Job Description :

Function : Data Science and Analysis - Data Science / Machine Learning

LLMs NLP Machine Learning Generative AI Python

As a Senior ML Engineer at Demandbase, you'll play a strategic role in building cutting-edge, production-level machine learning systems that drive deep technographic intelligence and high-impact business decisions. This role goes beyond conventional ML development and will architect and scale LLM-powered solutions that detect, classify, and map technographic signals from diverse sources (e. g., LinkedIn, SSL certs, blogs, and subdomains) to Demandbase's structured product catalog. You'll apply a combination of traditional ML, deep learning, and Large Language Models (LLMs) (e. g., LLaMA-3 Gemma, Mistral, GPT) to transform unstructured signals into actionable intelligence, pushing the boundaries of what's possible in entity resolution, product discovery, and dynamic catalog enrichment.

Responsibilities :

- Build scalable, production-ready ML + LLM hybrid systems for :

1. Technographic signal extraction.

2. Entity resolution from noisy data (e. g., LinkedIn job descriptions, SSL certs).

3. Product and category mapping via instruction-tuned LLMs and vector DBs.

- Use foundation models like LLaMA and Gemma for deep contextual understanding, enabling semantic inference of products, categories, and subcategories.

- Leverage RAG pipelines and prompt engineering to improve product detection and catalog alignment with minimal labeled data.

- Translate complex, ambiguous business needs into ML and LLM solution frameworks.

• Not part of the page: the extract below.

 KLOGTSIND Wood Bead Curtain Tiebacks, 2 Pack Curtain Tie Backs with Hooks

- Lead the model lifecycle from data ingestion, feature design, model development (ML/LLM), fine-tuning, to deployment and monitoring.

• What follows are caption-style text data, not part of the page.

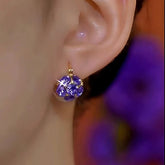 14K Gold-Plated Luxury Purple Zircon Ball Earrings - elegant Purple Zircon Ball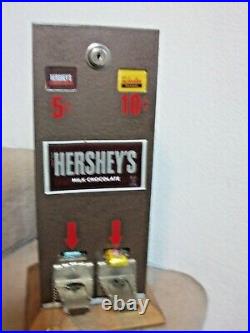 Vintage 5¢/10¢ Hersheys Two column vending Machine, withkey, weights, cash box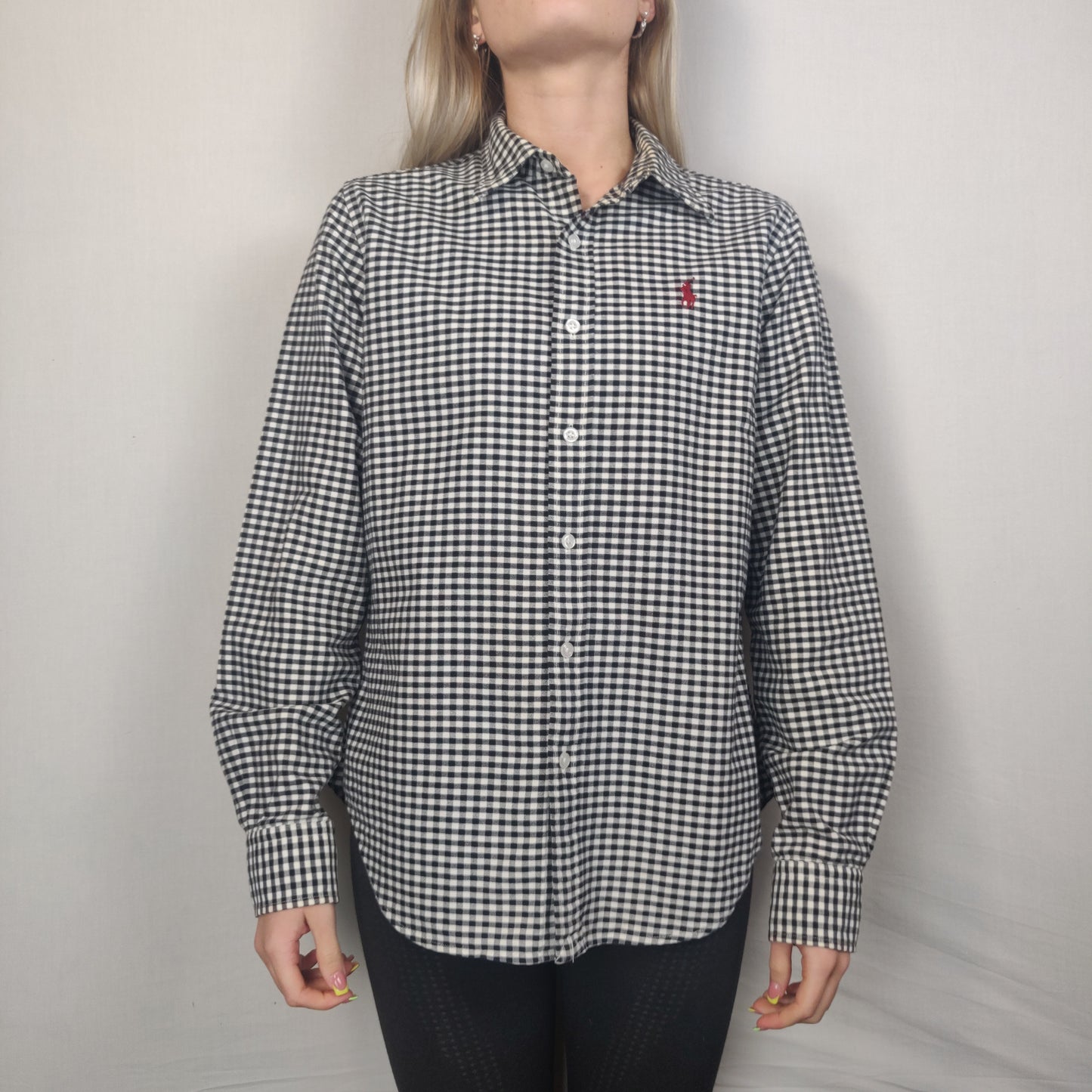Ralph Lauren Polo Golf White Black Pattern Shirt Women Size UK 6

- Implement human-in-the-loop systems and catalog-aware feedback loops for continuous catalog enrichment and model refinement.

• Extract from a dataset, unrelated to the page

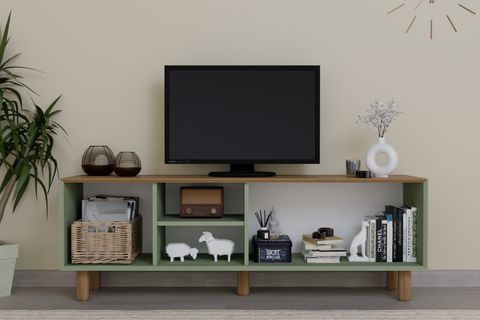 BOHEM SERİSİ NATURA PVC HASIR DESEN TV ÜNİTESİ, NATURA YEŞİL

- Conduct multi-modal experiments using traditional ML and transformer-based LLMs for hybrid architectures.

- Optimize model performance using best-in-class techniques for :

1. Few-shot and zero-shot learning, Approximate nearest neighbors (ANN).

2. LLM-based reranking and metadata generation.

- Automate categorization of unknown/new tools (e. g., Turso, Appsmith) using LLM-based generalization and taxonomy mapping.

- Ensure robust production-grade model deployment using tools like :

1. Ray, Dask, Deepspeed (for scalable inference).

2. MLflow, Airflow, Feast, Kubeflow (for lifecycle management and monitoring).

3. Vector DBs (e. g., FAISS, Weaviate) for embedding-based matching.

- Integrate LLM-based services into high-throughput pipelines, ensuring low latency, scalability, and fault tolerance.

- Stay up to date with LLM advancements and experiment with new architectures (e. g., RAG, LLM agents, toolformer models).

- Contribute to Demandbase's AI strategy by identifying opportunities where LLMs can create product and customer impact.

- Prototype and evangelize the usage of LLM-based reasoning and categorization across product teams.

- Guide and mentor junior ML engineers and data scientists on LLM-centric design patterns, fine-tuning strategies, and deployment frameworks.

- Foster collaboration with product, engineering, and analytics to deliver unified, data-driven solutions.

Requirements :

- Bachelor's or Master's in Computer Science, Data Science, or related field.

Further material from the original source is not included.